高橋由伸監督誕生
通算12年間でリーグ優勝7回、うち日本一3回。
輝かしい成績を残したジャイアンツの名将である原辰徳監督が退任された。
その後継者に選ばれたのは、監督候補として名前が挙がり続けた「昭和の怪物」ではなく、40歳の現役外野手だった。
マスコミも、こぞって「次は江川卓監督」と報道したが、確実だと思われた情報は、簡単に覆り、高橋由伸監督が誕生した。
来季の一軍コーチングスタッフ
監督 | 高橋由伸 | 元: 選手兼打撃(半ば強制的に引退となり残念) |
ヘッド | 村田真一 | 元: 総合コーチ |
投手コーチ | 尾花高夫 | 元: 二軍投手総合コーチ |
投手コーチ | 豊田清 | 2015年から一軍投手コーチを務める |
打撃コーチ | 内田順三 | 元: 二軍打撃コーチ |
打撃コーチ | 江藤智 | 元: 二軍打撃コーチ |
内野守備走塁コーチ | 井端弘和 | 元: 選手(由信と同級生で同時に引退、WBCの活躍は最高だった) |
外野守備走塁コーチ | 大西崇之 | 2011年から一軍外野守備・走塁コーチを務め、リーグ3連覇、日本一に貢献 |
バッテリーコーチ | 村田善則 | 元: 戦略室スタッフ |
なぜ江川氏が監督になれなかった?!
江川氏は今年の5月に還暦を迎えた。
引退後、これまでユニフォームに袖を通したことはなく、他球団からのオファーがあったかもしれないが、断ったと想像する。
野球人たるもの、せめて一度だけでも──そんな思いがあったはずで、今回が年齢的にもそれを実現できる最後のチャンスだった。
日本テレビの思惑
江川氏を推していたのは日本テレビ関係者だったといわれている。
視聴率が落ちている野球中継のテコ入れのために、自前の評論家である江川氏を送り込みたかった。
話題性抜群で、一連の“次は江川監督”報道に対する多くのファンも観たいと好評だった。
不運の問題発生
江川氏には、絶好のタイミングだったはずが、数々の不運が重なった。
野球賭博問題が10月初に発覚した。
巨人現役選手の福田聡志投手(32)、笠原将生投手(24)、松本竜也投手(22)が関与していたことが発表された。
そして、セ・リーグ某球団の大物コーチが、野球賭博に関与しているという噂も出てきた。

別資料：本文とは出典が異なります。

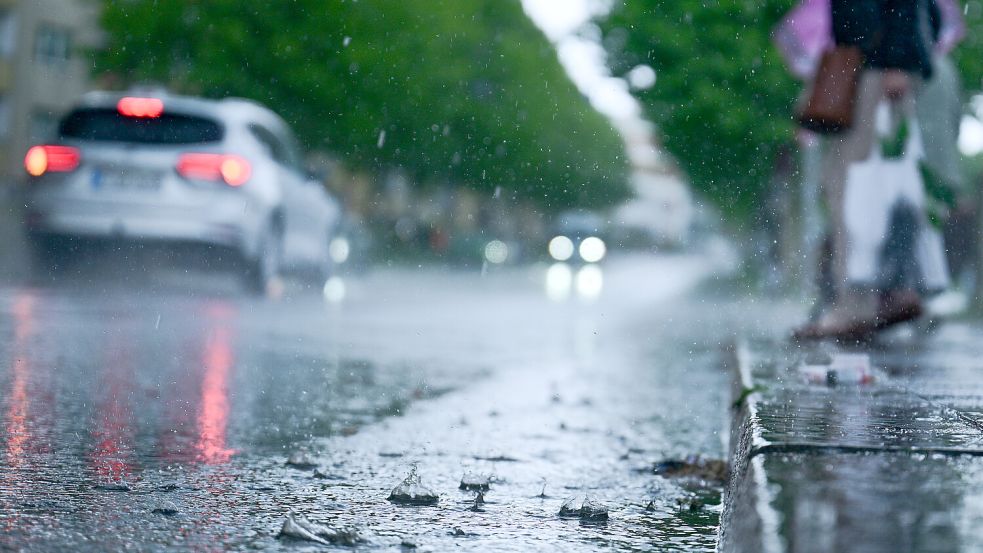 In den kommenden Tagen können sich Autofahrer auf Regen gefasst machen. Foto: dpa/Sebastian Gollnow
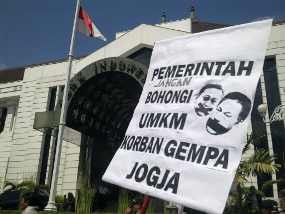 UMKM Korban Gempa Geruduk Kantor BI Yogyakarta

そのコーチは、現役時代はパ・リーグの球団で活躍し、指導力はもちろんながら、独自の人脈を持ち、監督からも絶大な信頼を得ている人物だそうだ。
コーチが野球賭博に関与していたとなると、選手の時とはまったく違った大きな問題となる可能性がある。
それは野球賭博に絡む八百長の疑惑──つまり「平成の黒い霧事件」への発展の可能性もある。
この問題によって、巨人としては内部昇格しか選択肢がなくなった。
巨人のトラウマ
あれだけクリーンなイメージのあった原監督が、元暴力団員に1億円を渡していたという事件だ。
“身体検査”するとはいえ、リスクは最小限に抑えたい。
内部の人間でと考えるのは不思議なことではない。
さらに事件が解決したとしても、巨人としては今回のスキャンダルによる膿を出し切り、新しく生まれ変わったことをアピールする必要がある。
空白の1日事件
江川氏のネームバリューは計り知れないが、“昔の名前”であり、“空白の1日”事件で悪役になった江川氏に爽やかなイメージはない。
これは31年前の話である。
ドラフトで二度の指名を拒否して巨人への入団を望んだ「怪物」江川卓投手は、野球協約の「空白の一日」という盲点を突いて、巨人と契約を結んだ。
どう見ても巨人のゴリ押しで、メディアや世論は騒然となった。
ドラフト会議を欠席した巨人に対し、他球団は江川投手をドラフトで指名する形で対抗した。
交渉権を得たのは阪神だった。
しかし、江川投手は一度も縦じまのユニフォームを着ることなく巨人に移籍する。
巨人と阪神の間でトレードが成立したのだ。
阪神は江川を巨人に出す見返りに、当時のエース、小林繁投手を獲得する。
人気球団同士の談合決着ともいえ、騒ぎはさらに大きくなった。
名門球団のエゴに翻弄されながら、けなげに運命を受け入れるヒーローであり、巨人への入団会見の席で、「自分さえよければ、人はどうなってもいいのか」と詰め寄る記者に、「そう興奮しないでください」と「うそぶいた」江川投手はダーティーなアンチヒーローだった。
余談
江川投手はストレートとカーブの2つで主に大活躍した投手。
カーブ以外有効な変化球を持たなかった江川は、プロ入り以後は投球術で打ち取るテクニックを覚えている。
1983年に肩を痛めてからはスライダー系の変化球を投げるようになり、1985年頃から投げ始めた「相手の腰を引かせるスライダー系のボール」コシヒカリが話題になり、本当にコシヒカリが贈られてきたエピソードがある。
このことに味をしめた江川は、今度はメロンを貰おうと「相手のマスク(顔)をメロメロにしてしまう顔の前を通すボール」マスクメロンを開発している。
まとめ
球界の盟主であるジャイアンツが、監督交代のタイミングでスキャンダルに見舞われた。
アンチヒーローだった江川氏のイメージは、いまだに払拭されておらず、若く爽やかなイメージの高橋監督が選ばれた。
個人的は、今期も大活躍してくれた高橋由伸選手でいてほしかった。